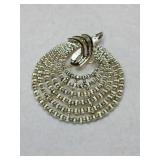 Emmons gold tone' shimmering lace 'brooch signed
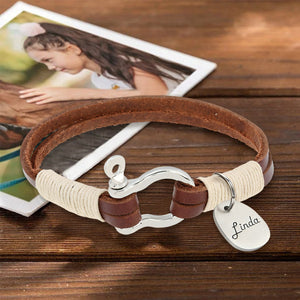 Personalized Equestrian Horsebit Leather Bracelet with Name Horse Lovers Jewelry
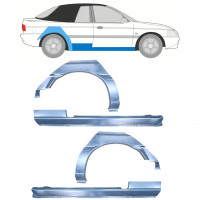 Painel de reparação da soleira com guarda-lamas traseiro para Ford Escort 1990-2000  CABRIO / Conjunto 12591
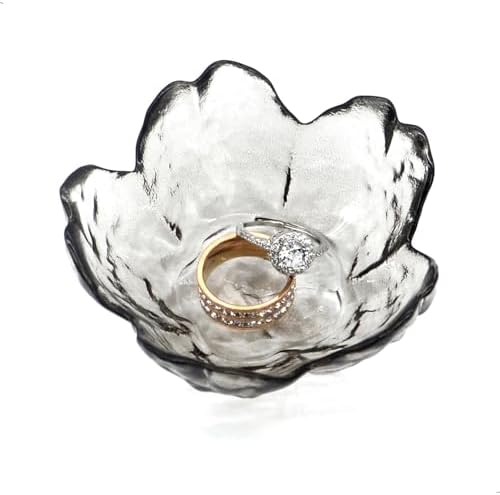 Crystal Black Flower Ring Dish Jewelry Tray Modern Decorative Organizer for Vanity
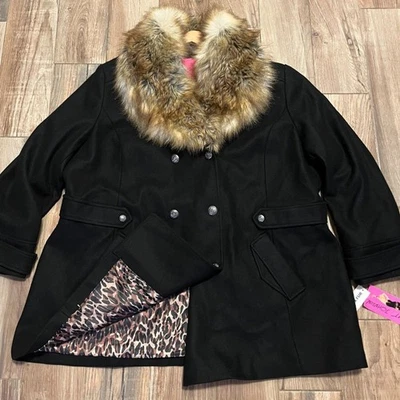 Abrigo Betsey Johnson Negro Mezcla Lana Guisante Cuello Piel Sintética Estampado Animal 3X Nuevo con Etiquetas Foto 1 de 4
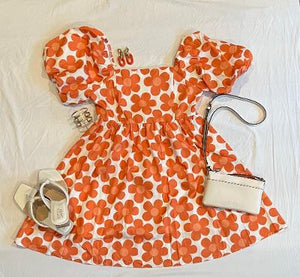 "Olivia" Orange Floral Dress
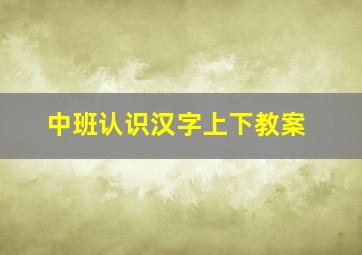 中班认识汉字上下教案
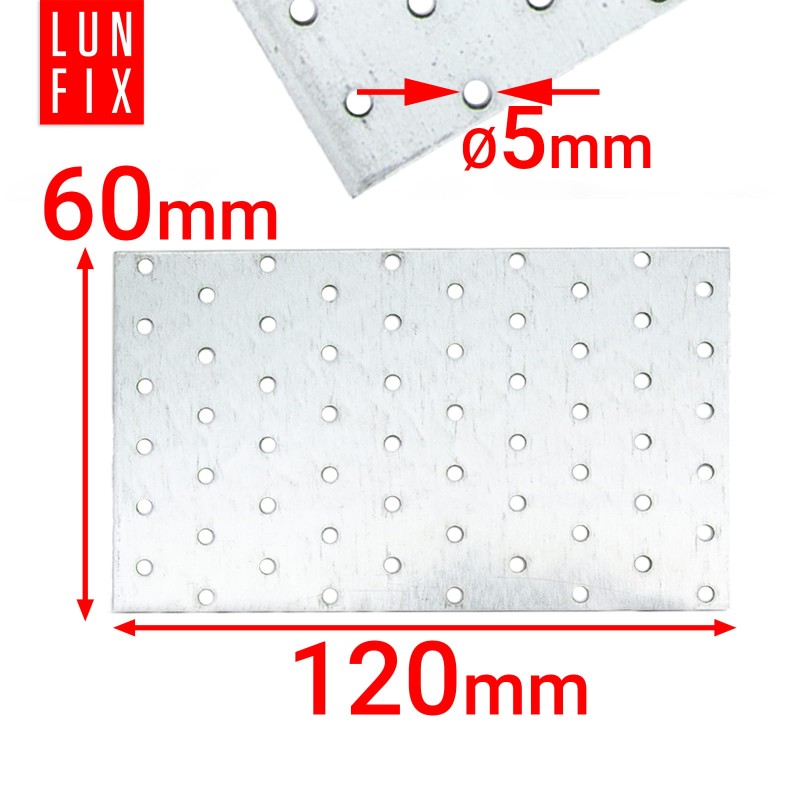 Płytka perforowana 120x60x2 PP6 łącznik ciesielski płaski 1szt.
━━━━━━
Work instructions: Begin at the line containing "Orange Floral Dress" and write out every line to the end of the data exactly. Skip the pictures.

Task output:
 "Olivia" Orange Floral Dress
 中班认识汉字上下教案
 Płytka perforowana 120x60x2 PP6 łącznik ciesielski płaski 1szt.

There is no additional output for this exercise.